(Web page caption snippets)

+++

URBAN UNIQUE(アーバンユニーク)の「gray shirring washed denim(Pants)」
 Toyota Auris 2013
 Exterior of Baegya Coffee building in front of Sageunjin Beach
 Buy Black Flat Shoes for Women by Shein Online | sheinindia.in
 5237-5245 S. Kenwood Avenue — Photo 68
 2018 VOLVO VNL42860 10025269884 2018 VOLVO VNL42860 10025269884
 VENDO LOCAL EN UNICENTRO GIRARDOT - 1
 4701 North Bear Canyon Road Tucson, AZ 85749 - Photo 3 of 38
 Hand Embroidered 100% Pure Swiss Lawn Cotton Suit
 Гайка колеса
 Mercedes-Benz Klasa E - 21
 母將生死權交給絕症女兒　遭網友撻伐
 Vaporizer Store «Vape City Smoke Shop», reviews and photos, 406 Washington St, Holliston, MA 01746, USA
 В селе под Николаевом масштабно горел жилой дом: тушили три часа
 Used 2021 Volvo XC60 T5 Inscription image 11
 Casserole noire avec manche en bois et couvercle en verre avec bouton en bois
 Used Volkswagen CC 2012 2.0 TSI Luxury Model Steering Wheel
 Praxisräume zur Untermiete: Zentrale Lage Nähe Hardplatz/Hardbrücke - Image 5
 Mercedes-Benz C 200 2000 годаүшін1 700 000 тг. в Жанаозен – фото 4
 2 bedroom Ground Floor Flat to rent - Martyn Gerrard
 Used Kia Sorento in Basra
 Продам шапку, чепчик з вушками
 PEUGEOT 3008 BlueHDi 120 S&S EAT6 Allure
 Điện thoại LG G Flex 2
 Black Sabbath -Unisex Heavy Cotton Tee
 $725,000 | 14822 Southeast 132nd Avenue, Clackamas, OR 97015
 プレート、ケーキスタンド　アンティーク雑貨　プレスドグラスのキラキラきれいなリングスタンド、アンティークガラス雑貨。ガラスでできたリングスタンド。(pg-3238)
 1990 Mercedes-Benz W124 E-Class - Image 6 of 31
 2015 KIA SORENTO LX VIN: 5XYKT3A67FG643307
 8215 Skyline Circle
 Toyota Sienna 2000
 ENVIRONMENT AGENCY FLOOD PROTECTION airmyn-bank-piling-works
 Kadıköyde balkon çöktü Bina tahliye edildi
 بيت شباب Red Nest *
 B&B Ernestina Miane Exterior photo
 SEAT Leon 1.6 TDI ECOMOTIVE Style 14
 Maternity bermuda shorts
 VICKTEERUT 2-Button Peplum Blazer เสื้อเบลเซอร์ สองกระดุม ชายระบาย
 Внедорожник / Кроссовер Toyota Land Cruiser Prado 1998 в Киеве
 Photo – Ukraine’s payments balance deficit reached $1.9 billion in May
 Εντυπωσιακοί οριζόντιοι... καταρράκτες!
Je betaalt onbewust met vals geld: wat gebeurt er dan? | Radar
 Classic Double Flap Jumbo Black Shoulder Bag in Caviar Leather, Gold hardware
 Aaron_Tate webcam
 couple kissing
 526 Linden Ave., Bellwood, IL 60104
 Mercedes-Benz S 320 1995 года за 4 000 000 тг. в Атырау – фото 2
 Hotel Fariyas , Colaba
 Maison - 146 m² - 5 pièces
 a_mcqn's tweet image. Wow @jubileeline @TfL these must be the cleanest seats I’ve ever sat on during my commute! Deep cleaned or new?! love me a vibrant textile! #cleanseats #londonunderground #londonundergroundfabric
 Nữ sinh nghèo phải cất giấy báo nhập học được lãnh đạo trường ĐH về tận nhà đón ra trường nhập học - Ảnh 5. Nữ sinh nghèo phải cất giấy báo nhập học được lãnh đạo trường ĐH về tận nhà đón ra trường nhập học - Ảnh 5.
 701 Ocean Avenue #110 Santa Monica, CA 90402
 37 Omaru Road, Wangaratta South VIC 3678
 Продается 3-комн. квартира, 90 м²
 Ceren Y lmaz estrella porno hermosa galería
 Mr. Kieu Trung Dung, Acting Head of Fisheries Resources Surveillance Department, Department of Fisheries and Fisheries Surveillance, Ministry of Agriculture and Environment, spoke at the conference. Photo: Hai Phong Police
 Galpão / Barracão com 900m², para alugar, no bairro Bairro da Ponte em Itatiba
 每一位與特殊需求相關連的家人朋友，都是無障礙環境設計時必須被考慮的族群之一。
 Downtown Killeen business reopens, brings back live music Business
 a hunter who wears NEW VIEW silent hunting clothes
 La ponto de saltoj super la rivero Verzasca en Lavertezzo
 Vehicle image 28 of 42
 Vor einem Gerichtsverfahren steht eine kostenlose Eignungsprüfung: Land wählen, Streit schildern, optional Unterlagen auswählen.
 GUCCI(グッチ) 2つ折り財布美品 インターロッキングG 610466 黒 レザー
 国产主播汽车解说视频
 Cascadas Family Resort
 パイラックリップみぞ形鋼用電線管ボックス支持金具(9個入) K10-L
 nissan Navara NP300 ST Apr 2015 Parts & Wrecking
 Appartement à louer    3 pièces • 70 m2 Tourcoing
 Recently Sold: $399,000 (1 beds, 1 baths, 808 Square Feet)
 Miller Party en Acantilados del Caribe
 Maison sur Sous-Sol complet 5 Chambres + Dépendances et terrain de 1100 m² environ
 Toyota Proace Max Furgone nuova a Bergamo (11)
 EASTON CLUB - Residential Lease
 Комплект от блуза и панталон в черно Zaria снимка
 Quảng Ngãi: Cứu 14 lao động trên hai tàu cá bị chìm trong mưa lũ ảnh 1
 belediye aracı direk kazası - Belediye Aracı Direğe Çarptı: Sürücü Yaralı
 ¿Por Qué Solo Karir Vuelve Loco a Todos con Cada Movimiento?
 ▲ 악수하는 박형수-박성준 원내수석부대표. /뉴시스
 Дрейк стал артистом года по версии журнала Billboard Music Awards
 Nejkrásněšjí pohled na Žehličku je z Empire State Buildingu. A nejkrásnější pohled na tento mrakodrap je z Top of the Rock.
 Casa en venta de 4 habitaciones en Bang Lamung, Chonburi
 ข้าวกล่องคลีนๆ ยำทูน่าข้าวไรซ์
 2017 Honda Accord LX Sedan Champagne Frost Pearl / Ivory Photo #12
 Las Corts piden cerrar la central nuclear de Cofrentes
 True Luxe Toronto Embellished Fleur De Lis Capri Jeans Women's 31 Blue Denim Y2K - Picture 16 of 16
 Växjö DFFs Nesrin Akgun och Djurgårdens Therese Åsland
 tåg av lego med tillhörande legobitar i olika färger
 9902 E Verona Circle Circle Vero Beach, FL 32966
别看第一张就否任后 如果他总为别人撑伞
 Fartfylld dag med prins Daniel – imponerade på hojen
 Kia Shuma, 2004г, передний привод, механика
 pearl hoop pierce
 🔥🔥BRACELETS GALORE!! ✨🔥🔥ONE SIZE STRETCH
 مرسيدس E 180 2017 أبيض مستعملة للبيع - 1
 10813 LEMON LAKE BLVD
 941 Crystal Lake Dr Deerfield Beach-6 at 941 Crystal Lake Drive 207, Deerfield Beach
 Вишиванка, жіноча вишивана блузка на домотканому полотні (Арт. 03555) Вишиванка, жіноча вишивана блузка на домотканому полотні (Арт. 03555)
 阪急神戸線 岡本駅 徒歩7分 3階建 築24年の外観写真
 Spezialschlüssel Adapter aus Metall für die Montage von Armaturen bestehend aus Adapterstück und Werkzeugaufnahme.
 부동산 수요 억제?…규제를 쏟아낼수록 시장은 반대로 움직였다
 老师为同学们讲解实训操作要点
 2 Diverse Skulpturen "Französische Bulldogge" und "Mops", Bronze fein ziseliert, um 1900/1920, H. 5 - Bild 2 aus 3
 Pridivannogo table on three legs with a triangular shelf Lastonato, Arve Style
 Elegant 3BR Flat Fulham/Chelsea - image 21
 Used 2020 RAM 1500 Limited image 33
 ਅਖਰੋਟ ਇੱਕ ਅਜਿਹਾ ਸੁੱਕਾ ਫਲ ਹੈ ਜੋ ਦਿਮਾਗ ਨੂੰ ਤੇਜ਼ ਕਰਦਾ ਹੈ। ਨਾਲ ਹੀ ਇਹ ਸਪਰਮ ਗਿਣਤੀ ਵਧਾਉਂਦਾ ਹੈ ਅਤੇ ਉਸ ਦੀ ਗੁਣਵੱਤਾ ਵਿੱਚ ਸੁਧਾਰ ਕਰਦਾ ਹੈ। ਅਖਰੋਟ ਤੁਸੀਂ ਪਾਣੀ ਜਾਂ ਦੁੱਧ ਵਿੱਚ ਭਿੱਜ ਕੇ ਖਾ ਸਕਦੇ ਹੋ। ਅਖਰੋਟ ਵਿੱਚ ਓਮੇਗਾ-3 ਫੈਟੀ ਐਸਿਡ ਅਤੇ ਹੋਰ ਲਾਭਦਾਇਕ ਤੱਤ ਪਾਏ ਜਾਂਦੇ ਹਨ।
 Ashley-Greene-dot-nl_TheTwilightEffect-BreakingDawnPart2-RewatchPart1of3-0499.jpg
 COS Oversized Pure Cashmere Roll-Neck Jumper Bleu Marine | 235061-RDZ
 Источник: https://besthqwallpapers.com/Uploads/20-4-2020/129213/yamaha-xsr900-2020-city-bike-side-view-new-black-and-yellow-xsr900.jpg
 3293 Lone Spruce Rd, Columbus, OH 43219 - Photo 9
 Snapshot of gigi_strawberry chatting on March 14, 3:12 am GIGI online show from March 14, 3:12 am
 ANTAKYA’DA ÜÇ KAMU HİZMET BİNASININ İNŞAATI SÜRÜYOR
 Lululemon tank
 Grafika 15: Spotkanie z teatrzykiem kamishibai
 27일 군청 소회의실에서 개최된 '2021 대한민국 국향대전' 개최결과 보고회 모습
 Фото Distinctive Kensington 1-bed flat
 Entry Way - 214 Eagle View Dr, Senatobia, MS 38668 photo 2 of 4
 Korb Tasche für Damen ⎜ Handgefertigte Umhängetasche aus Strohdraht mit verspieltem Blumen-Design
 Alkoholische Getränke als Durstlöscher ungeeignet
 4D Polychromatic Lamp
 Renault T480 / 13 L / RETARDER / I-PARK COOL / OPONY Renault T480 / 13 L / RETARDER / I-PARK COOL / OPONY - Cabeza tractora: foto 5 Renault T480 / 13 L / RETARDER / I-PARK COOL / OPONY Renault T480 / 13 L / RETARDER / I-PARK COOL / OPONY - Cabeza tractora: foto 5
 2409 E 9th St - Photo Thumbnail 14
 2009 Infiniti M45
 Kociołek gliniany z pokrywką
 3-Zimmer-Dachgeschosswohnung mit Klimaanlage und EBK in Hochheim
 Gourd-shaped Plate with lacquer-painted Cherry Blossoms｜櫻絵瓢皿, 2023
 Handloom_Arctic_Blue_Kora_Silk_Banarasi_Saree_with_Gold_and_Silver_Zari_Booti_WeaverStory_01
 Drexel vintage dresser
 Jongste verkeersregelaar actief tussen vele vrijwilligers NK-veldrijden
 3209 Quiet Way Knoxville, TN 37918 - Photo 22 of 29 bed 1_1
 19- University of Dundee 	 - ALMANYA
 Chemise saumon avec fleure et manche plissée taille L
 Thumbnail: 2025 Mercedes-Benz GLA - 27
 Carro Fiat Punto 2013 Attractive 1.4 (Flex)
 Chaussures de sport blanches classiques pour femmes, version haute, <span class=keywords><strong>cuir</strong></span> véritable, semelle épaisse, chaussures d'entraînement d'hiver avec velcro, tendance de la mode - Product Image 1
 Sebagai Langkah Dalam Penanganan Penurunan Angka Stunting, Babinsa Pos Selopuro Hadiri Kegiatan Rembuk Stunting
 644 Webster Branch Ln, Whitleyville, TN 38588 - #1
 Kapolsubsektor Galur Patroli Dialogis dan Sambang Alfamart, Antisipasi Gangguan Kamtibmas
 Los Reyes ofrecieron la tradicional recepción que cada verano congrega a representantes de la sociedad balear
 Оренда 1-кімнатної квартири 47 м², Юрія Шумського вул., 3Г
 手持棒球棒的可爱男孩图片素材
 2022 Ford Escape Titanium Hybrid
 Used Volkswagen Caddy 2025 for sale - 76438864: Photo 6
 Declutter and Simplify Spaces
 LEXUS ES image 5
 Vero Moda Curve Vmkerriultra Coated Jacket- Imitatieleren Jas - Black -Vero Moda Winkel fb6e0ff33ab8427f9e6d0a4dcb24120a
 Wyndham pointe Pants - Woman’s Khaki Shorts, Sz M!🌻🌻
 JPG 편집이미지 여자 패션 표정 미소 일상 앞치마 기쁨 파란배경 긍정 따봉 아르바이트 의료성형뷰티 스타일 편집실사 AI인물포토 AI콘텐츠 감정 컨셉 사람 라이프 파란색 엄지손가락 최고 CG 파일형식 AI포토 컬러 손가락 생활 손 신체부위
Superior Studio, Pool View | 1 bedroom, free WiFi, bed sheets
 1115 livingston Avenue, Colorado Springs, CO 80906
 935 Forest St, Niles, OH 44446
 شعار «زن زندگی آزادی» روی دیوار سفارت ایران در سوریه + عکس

+++

Starting with the first line of the data above, copy each line exactly until you reach the line with "Photo – Ukraine’s"; include that line as well.

• [Result of this task]:
URBAN UNIQUE(アーバンユニーク)の「gray shirring washed denim(Pants)」
 Toyota Auris 2013
 Exterior of Baegya Coffee building in front of Sageunjin Beach
 Buy Black Flat Shoes for Women by Shein Online | sheinindia.in
 5237-5245 S. Kenwood Avenue — Photo 68
 2018 VOLVO VNL42860 10025269884 2018 VOLVO VNL42860 10025269884
 VENDO LOCAL EN UNICENTRO GIRARDOT - 1
 4701 North Bear Canyon Road Tucson, AZ 85749 - Photo 3 of 38
 Hand Embroidered 100% Pure Swiss Lawn Cotton Suit
 Гайка колеса
 Mercedes-Benz Klasa E - 21
 母將生死權交給絕症女兒　遭網友撻伐
 Vaporizer Store «Vape City Smoke Shop», reviews and photos, 406 Washington St, Holliston, MA 01746, USA
 В селе под Николаевом масштабно горел жилой дом: тушили три часа
 Used 2021 Volvo XC60 T5 Inscription image 11
 Casserole noire avec manche en bois et couvercle en verre avec bouton en bois
 Used Volkswagen CC 2012 2.0 TSI Luxury Model Steering Wheel
 Praxisräume zur Untermiete: Zentrale Lage Nähe Hardplatz/Hardbrücke - Image 5
 Mercedes-Benz C 200 2000 годаүшін1 700 000 тг. в Жанаозен – фото 4
 2 bedroom Ground Floor Flat to rent - Martyn Gerrard
 Used Kia Sorento in Basra
 Продам шапку, чепчик з вушками
 PEUGEOT 3008 BlueHDi 120 S&S EAT6 Allure
 Điện thoại LG G Flex 2
 Black Sabbath -Unisex Heavy Cotton Tee
 $725,000 | 14822 Southeast 132nd Avenue, Clackamas, OR 97015
 プレート、ケーキスタンド　アンティーク雑貨　プレスドグラスのキラキラきれいなリングスタンド、アンティークガラス雑貨。ガラスでできたリングスタンド。(pg-3238)
 1990 Mercedes-Benz W124 E-Class - Image 6 of 31
 2015 KIA SORENTO LX VIN: 5XYKT3A67FG643307
 8215 Skyline Circle
 Toyota Sienna 2000
 ENVIRONMENT AGENCY FLOOD PROTECTION airmyn-bank-piling-works
 Kadıköyde balkon çöktü Bina tahliye edildi
 بيت شباب Red Nest *
 B&B Ernestina Miane Exterior photo
 SEAT Leon 1.6 TDI ECOMOTIVE Style 14
 Maternity bermuda shorts
 VICKTEERUT 2-Button Peplum Blazer เสื้อเบลเซอร์ สองกระดุม ชายระบาย
 Внедорожник / Кроссовер Toyota Land Cruiser Prado 1998 в Киеве
 Photo – Ukraine’s payments balance deficit reached $1.9 billion in May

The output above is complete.